**INPUT MATERIAL:**
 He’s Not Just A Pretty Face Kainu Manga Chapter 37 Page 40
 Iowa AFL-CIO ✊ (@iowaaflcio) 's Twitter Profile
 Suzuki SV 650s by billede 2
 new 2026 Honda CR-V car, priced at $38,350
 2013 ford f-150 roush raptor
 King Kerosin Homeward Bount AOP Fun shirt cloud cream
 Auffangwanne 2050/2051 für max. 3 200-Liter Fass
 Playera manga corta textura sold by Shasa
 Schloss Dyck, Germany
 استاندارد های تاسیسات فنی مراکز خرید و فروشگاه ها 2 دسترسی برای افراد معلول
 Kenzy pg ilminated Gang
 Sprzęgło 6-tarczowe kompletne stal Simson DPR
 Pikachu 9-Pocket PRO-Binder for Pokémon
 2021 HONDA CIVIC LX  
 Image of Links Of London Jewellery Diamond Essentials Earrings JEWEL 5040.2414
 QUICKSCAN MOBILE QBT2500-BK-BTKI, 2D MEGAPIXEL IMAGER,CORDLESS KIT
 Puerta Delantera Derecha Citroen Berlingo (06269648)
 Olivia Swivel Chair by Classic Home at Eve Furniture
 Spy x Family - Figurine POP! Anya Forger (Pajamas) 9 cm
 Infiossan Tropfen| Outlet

**WORK REQUIRED:** Please transcribe the listing in full. Keep each line exact.

**RESPONSE TO THIS EXERCISE:**
 He’s Not Just A Pretty Face Kainu Manga Chapter 37 Page 40
 Iowa AFL-CIO ✊ (@iowaaflcio) 's Twitter Profile
 Suzuki SV 650s by billede 2
 new 2026 Honda CR-V car, priced at $38,350
 2013 ford f-150 roush raptor
 King Kerosin Homeward Bount AOP Fun shirt cloud cream
 Auffangwanne 2050/2051 für max. 3 200-Liter Fass
 Playera manga corta textura sold by Shasa
 Schloss Dyck, Germany
 استاندارد های تاسیسات فنی مراکز خرید و فروشگاه ها 2 دسترسی برای افراد معلول
 Kenzy pg ilminated Gang
 Sprzęgło 6-tarczowe kompletne stal Simson DPR
 Pikachu 9-Pocket PRO-Binder for Pokémon
 2021 HONDA CIVIC LX  
 Image of Links Of London Jewellery Diamond Essentials Earrings JEWEL 5040.2414
 QUICKSCAN MOBILE QBT2500-BK-BTKI, 2D MEGAPIXEL IMAGER,CORDLESS KIT
 Puerta Delantera Derecha Citroen Berlingo (06269648)
 Olivia Swivel Chair by Classic Home at Eve Furniture
 Spy x Family - Figurine POP! Anya Forger (Pajamas) 9 cm
 Infiossan Tropfen| Outlet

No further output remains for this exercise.